株式価格決定に係る非訟事件における株価評価について
最近、裁判目的の株式価値評価の仕事の問い合わせをいただくことが多くなってきました。いわゆる私的鑑定のご依頼です。発行会社&オーナーからも少数株主からもどちらもあります。
両者がそれぞれ私的鑑定を裁判所に提出し、その後裁判期日において評価に関係する各論点について自らの私的鑑定の正当性と相手方私的鑑定の誤りをそれぞれ指摘する形で進んでいきます。判決また和解という形で決着するまで1年以上かかることも珍しくありません。
論点になるのは、インカムアプローチ、マーケットアプローチ、コストアプローチ、折衷法といった評価手法について、将来事業計画の妥当性、割引率、各種ディスカウント等案件によっていろいろです。
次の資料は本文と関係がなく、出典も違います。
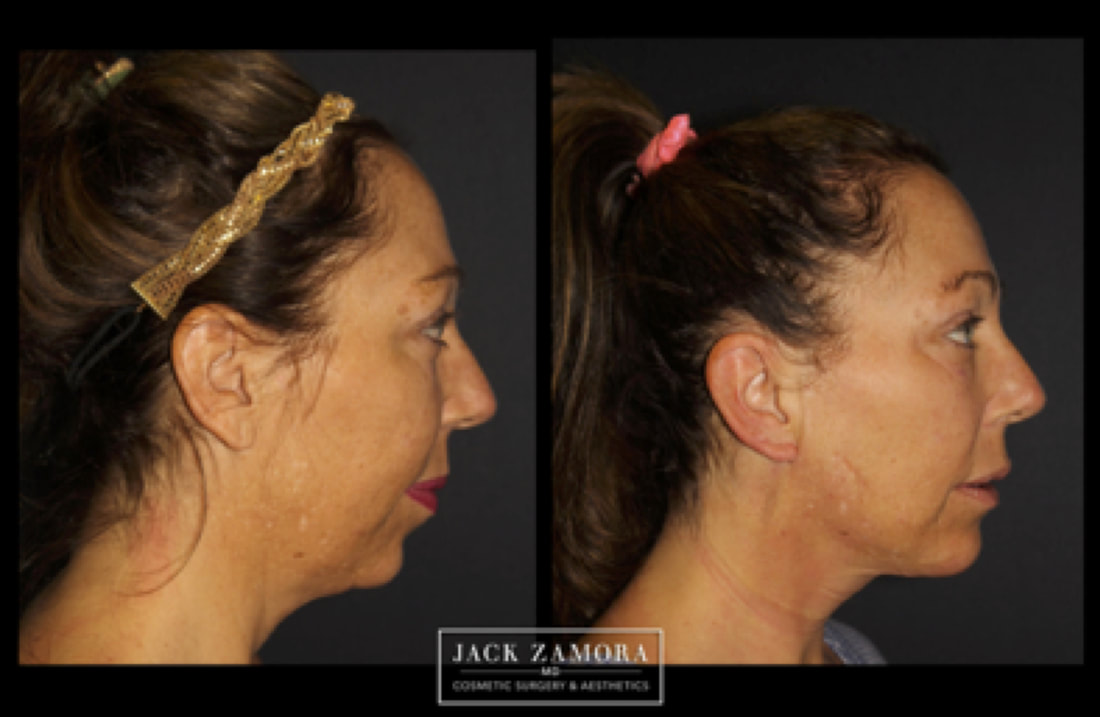 Side-by-side before and after profile comparison of a woman showing improvement in the jawline and neck area following a procedure by Jack Zamora MD Cosmetic Surgery & Aesthetics.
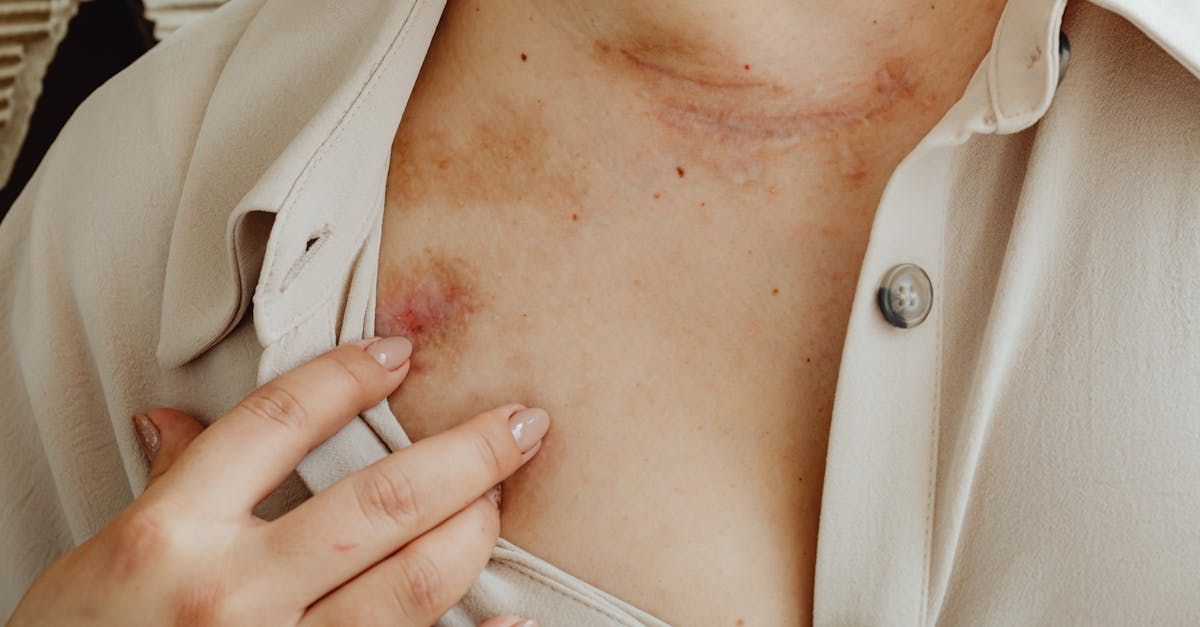 Bruises and scars on the chest as visible signs of personal injuries.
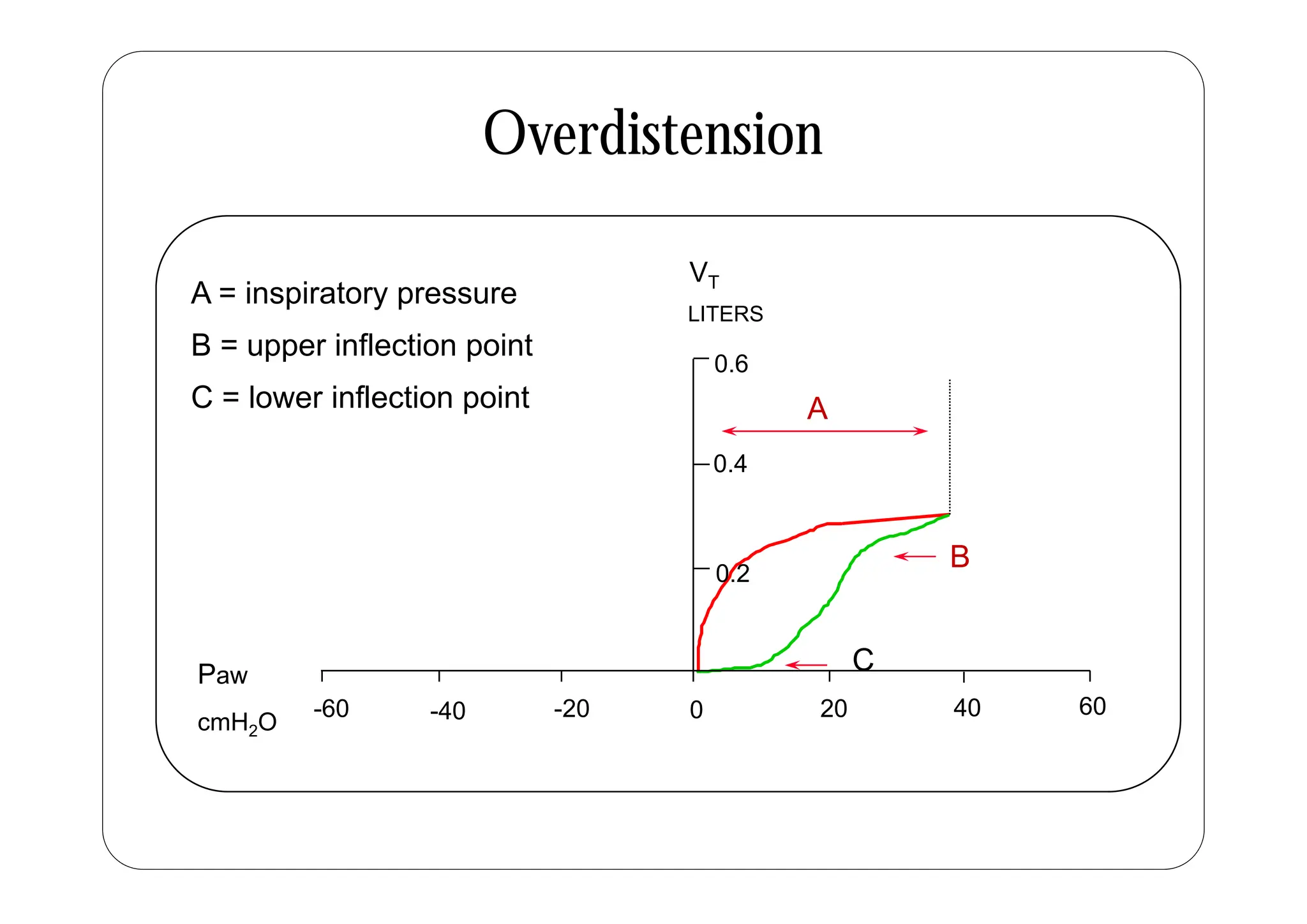Overdistension
Overdistension
0 6
LITERS
A = inspiratory pressure
B = upper inflection point
VT
A
0 4
0.6
pp p
C = lower inflection point
B
0 2
0.4
B
0.2
Paw
C
0 20 40 60
-20
-40
-60
Paw
cmH2O
 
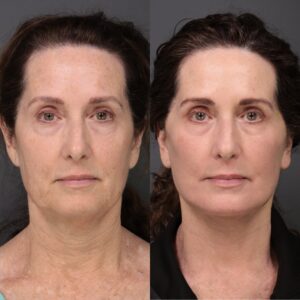 Before Image: Facelift, Buccal Fat Removal & Laser Skin Resurfacing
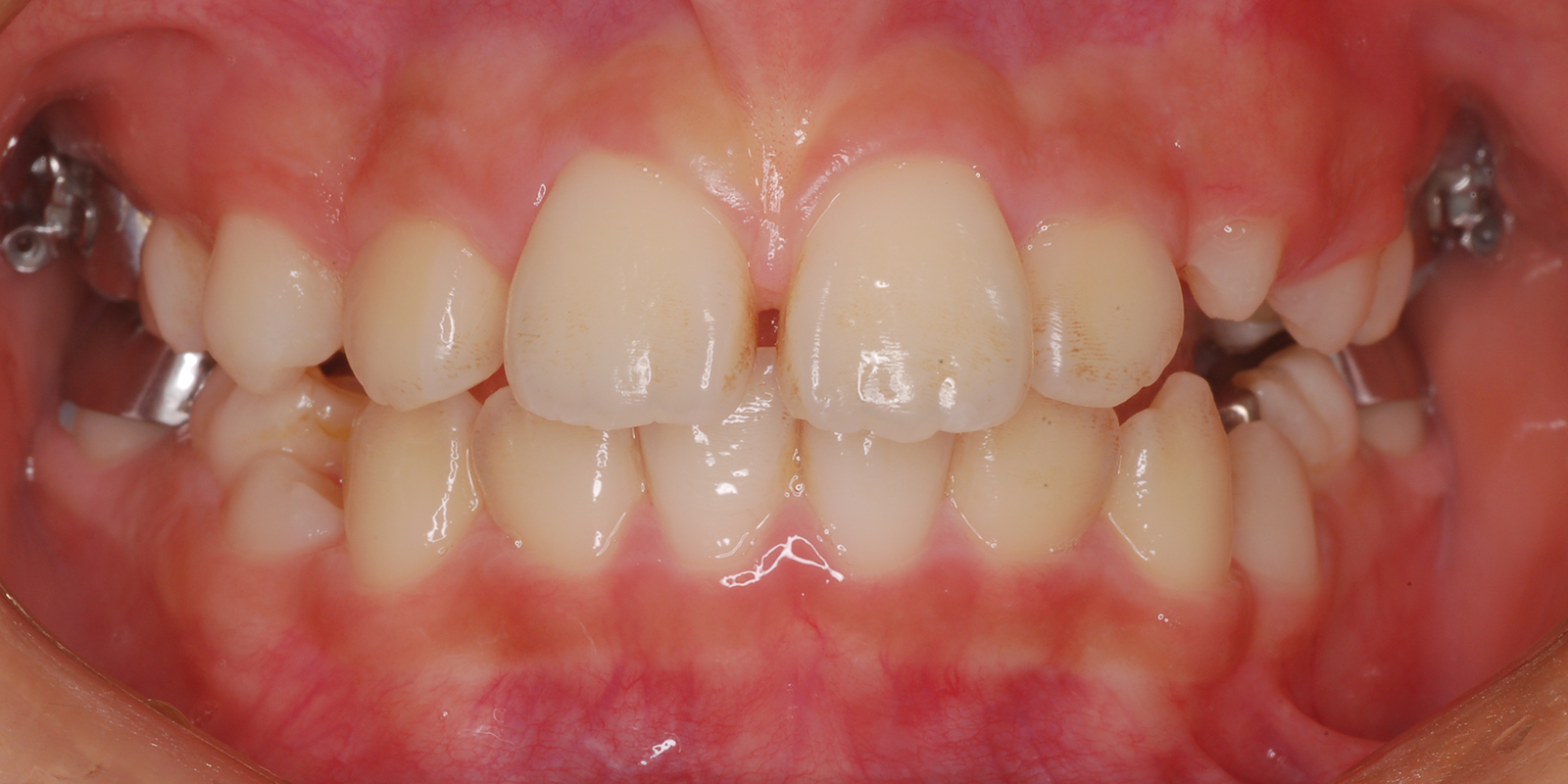 叢生・ガタガタの歯並びの治療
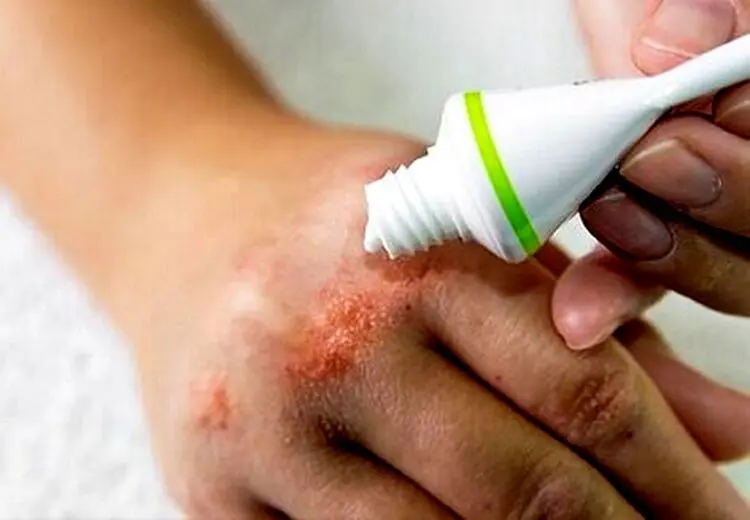 آلرژی‌های ناشی از محصولات آرایشی، چالشی جدی اما قابل پیشگیری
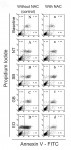 Figure 2  Cell viability, apoptosis, and cell death assays for the baseline (no adhesive treatment) and different adhesive extract groups in the absence and presence of NAC. The levels of cell viability were determined using Annexin V-FITC and propid
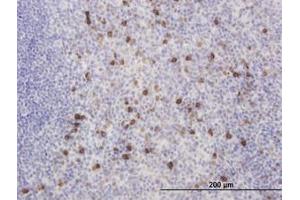 Image no. 3 for anti-Kv Channel Interacting Protein 2 (KCNIP2) (AA 1-100) antibody (ABIN466204) (KCNIP2 Antikörper  (AA 1-100))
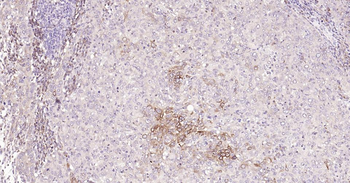 Bcl-2 Recombinant Rabbit Monoc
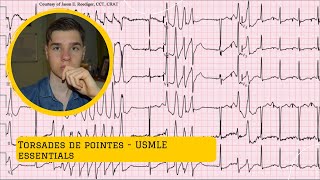 Torsades de pointes USMLE  Avoid any mistakes [upl. by Alic]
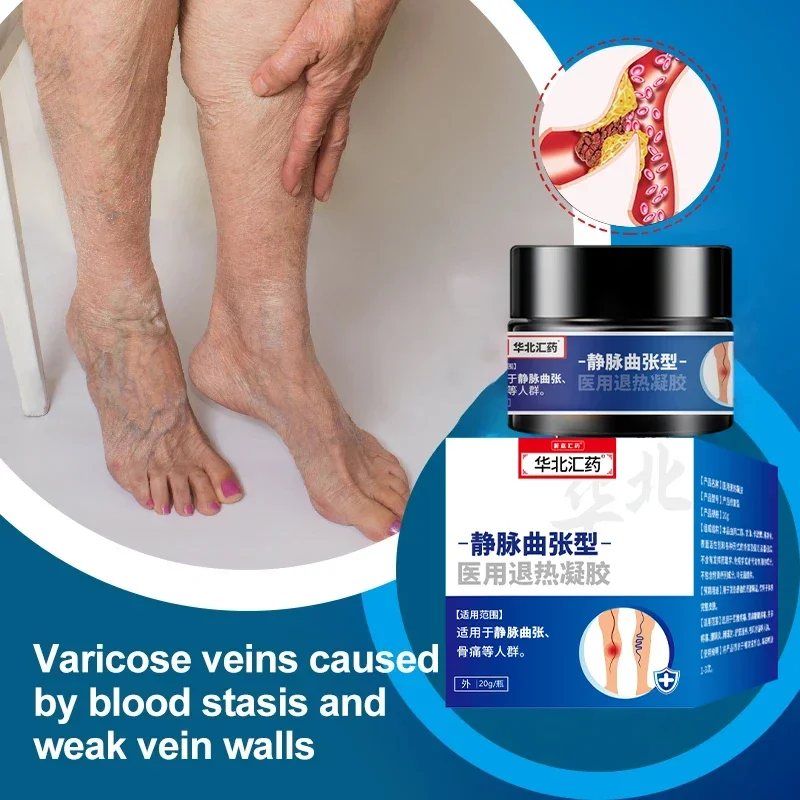 20g Varicose Veins Remover Cream Phlebitis Pain Relief Health Care Varicosity Angiitis Spider Treatments Herbal Medical Plaster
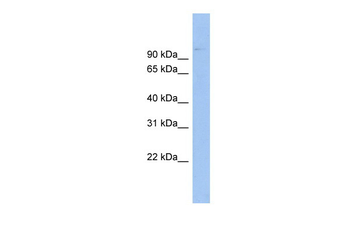 ABCB6 Rabbit Polyclonal Antibody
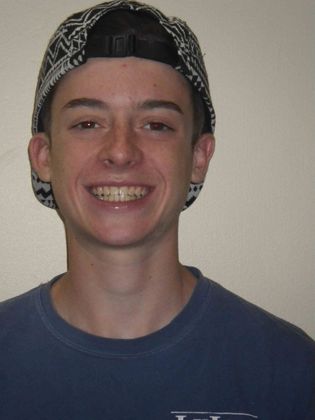 Orthodontic treatment in Phases: Case 3 - After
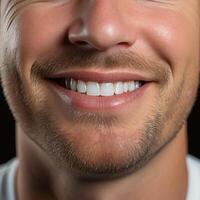 Close-up of snow-white and straight teeth of a young Caucasian man. photo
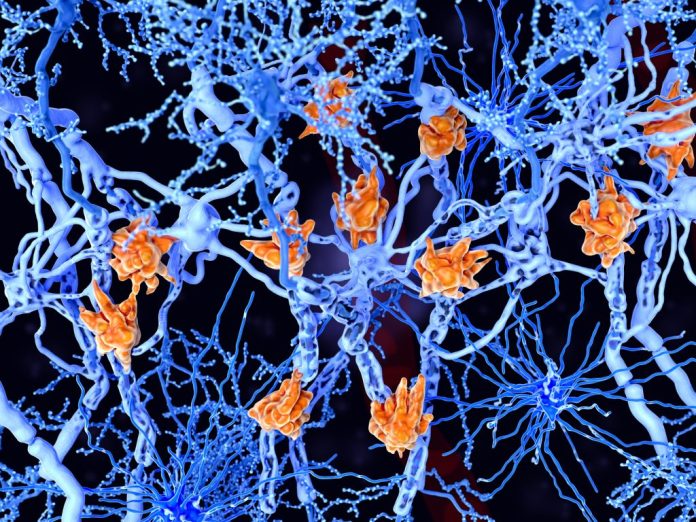 Multiple-Sclerosis-1141952174-copy-1024x768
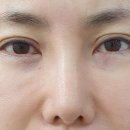 미션클리어 이미지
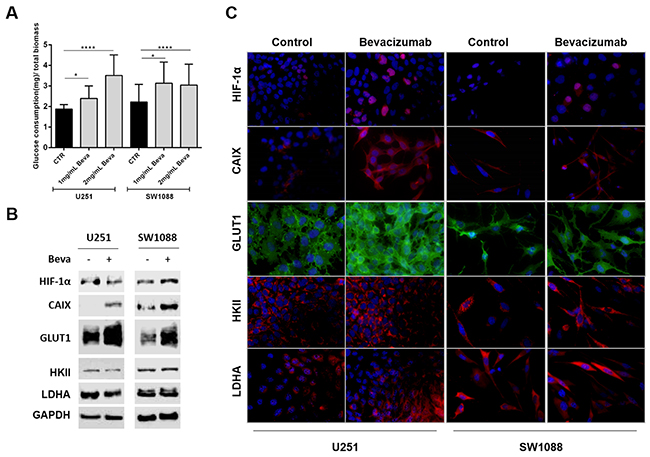 Effect of Bevacizumab treatment on glucose metabolism of GBM cells.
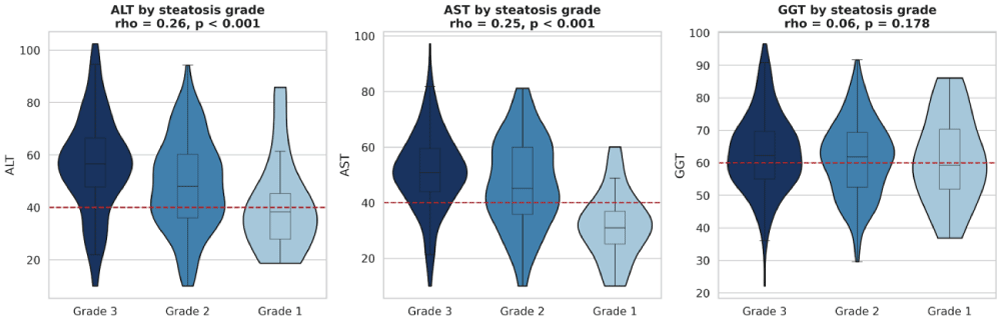 Distribution of liver biochemical markers across imaging-defined steatosis grades. Violin plots with overlaid box plots compare alanine aminotransferase, aspartate aminotransferase, and gamma-glutamyl transferase across Grades 1&ndash;3. Horizontal reference lines indicate approximate upper limits of normal. Alanine and aspartate aminotransferase show ordered upward shifts, whereas gamma-glutamyl transferase does not show a statistically significant linear trend (p = 0.134).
ところで、裁判となる株式の価格決定申立て事件は、会社法上非訟事件として扱われます。非訟事件においては、裁判所は、当事者の主張・立証に拘束されることなく、その裁量により終局的な価格の判断を行うことが要請されます。この価格の判断を、裁判所は第三者である株式鑑定人に株価鑑定を依頼し、この結果に基づき行うという誤解が一般的に見受けられます。先日私が受講した税理士向けの少数株主対策についてのセミナーでも、「裁判所に価格決定の申し立てた場合、裁判所は株価鑑定を依頼することになるが、株式算定価額がどのような金額にあるかは鑑定人により異なるので予測できないのが1番のリスクである」と当然のように講師が話していました。
しかし私の最近の実務経験では株価鑑定で価格が決まったことはありません。株価決定の非訟事件の判例が公開されることが非常に少ないので、専門家と言われる方々も裁判の経験がないままこのようなことをお話しされているんだろうと思います。ですが、上述したように実務はそうではなく、両者がそれぞれに私的鑑定を行い、自らの評価の妥当性を主張し合い、最終的には裁判所が選任した専門委員の意見を参考にしながら和解という形で決着することがほとんどです。これは、元東京大学法科大学院教授の鈴木謙也判事が論文に書いておられるように、非訟事件であっても、争訟性が高く当事者が対立関係にある事件においては当事者主義的な手続運営が望ましいと考えられており、とりわけ株式の価格決定事件においては、当事者の主張・証拠の提出を尊重する必要があると考えられていることから、そのような当事者主義的な手続運用が行われているのです。
したがって、裁判所に株式の価格決定の申立てを行う場合には、裁判でどのような主張を行うかよく検討したうえで、単にファイナンスや会計に精通しているだけでなく、法的な論点についても理解している専門家に私的鑑定を依頼することをおすすめしますし、会計士でありファイナンス専門家として大学で教鞭を執っておりかつ法学分野の博士の学位を持つ私に私的鑑定の依頼があるのはそのようなニーズに基づくものと理解しています。